I want to prove wich $C = (\{0\} \times [0,1]) \: \cup \: \{ (\frac{1}{n},y), n \in \mathbb{N}, y \in [0,1] \} \:\cup \: ([0,1] \times \{0\})$ is connected.

My attempt:

$C$ is the union of sets. If we show that the sets have non-empty intercept, then $C$ is connected.

Let $A = (\{0\} \times [0,1])$ and $B = \{ (\frac{1}{n},y), n \in \mathbb{N}, y \in [0,1] \} \:\cup \: ([0,1] \times \{0\})$. $A \cap B = \{(0,0)\}$

$A$ is connected? Let $f: [0,1] \rightarrow \mathbb{R}^2$ such that $f(x) = (0,x)$, $f$ f is a continuous function from point $(0,0)$ to point $(0,1)$. Then, it is a path with a starting point and an ending point. Therefore, $A$ connected by paths, this implies $A$ connected.

$B$ is connected? Let $S= \{ (\frac{1}{n},y), n \in \mathbb{N}, y \in [0,1] \}$ and $T = ([0,1] \times \{0\})$. The intercept are points of the type $ (1/y,0), y \in \mathbb{N}$. T is connected, in an analogous way we draw from $A$. For the set $S$, we can create a function for each vertical line with the joining points $(1/y,0)$ and from there conclude that it is path connected.
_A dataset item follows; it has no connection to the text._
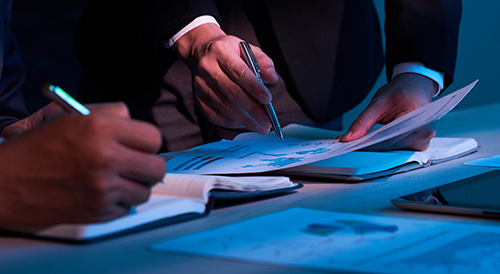 Business professionals reviewing financial documents and taking notes during a meeting at a blue-lit workspace.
Therefore, $B$ is connected.

This is enough to show that $C$ is connected.

I feel that the justification of $B$ being related is not quite right, but I don't understand why.

I really appreciate any help.

Answer 1

You can use that the union of two connected subsets of nonempty intersection is connected.
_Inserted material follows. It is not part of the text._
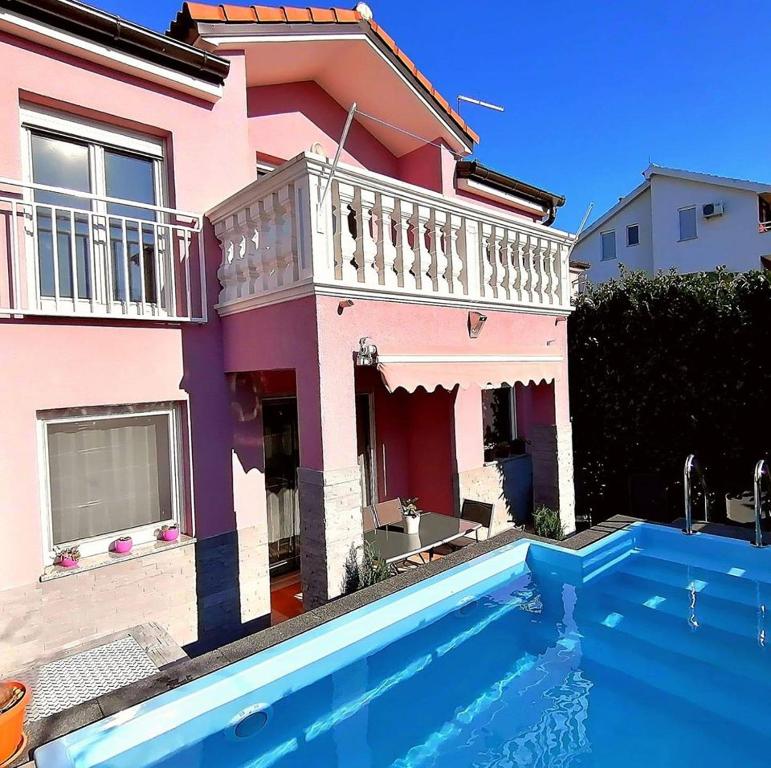a house with a swimming pool in front of a house at House Srima-Vodice Dalmatia in Srima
So $A\cup T$ is connected.

For $k\in \mathbb{N}^{\ast}$, let $S_k=\{\left(\frac1k, y\right)|y\in[0,1]\}$

We have $C=A\cup T\cup \bigcup_{k=1}^{+\infty} S_k$

By induction, we can prove that forall n, $C_n = A\cup T\cup \bigcup_{k=1}^{n} S_k$ is connected.
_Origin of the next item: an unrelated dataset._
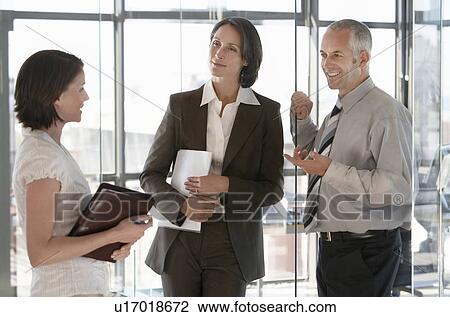 Three office workers standing in office talking. View Large Photo Image Stock Image - Three office workers standing in office talking.. Fotosearch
Finally, let X and Y two points of C, there exists $N\in\mathbb{N}^{\ast}$ such that X and Y are in $C_N$. However $C_N$ is connected and we can find a path in $C_N$ then in $C$ from X to Y.

Answer 2

I think that it is much easier to prove directly that $C$ is path connected. First of all, if $(x,y)\in C$, then $(x,t)\in C$ for each $t\in[0,y]$, and therefore there is a path in $C$ going from $(x,y)$ to $(x,0)$. And of course, if $(x,0),(y,0)\in C$, then $(t,0)\in C$ for each $t$ between $x$ and $y$, and therefore there is a path in $C$ going from $(x,0)$ to $(y,0)$. Finally, if $(x_1,y_1),(x_2,y_2)\in C$, then you first go in a straight line from $(x_1,y_1)$ to $(x_1,0)$, then from $(x_1,0)$ to $(x_2,0)$ and finally from $(x_2,0)$ to $(x_2,y_2)$.

Answer 3

Let $f:C \to \{0,1\}$ be a continuous function. Since $[0,1]\times \{0\}$ is connected, $f|_{[0,1]\times \{0\}}$ is constant (say equal to $c$). Then, for $x\in \{1/n: n\in\mathbb N\} \cup \{0\}$, as $\{x\}\times [0,1]$ is connected, we know that $f$ is constant on it equal to $f(x,0) = c$.

Therefore $f$ is constant on $C$. This being true for any function $f$, we see that $C$ is connected.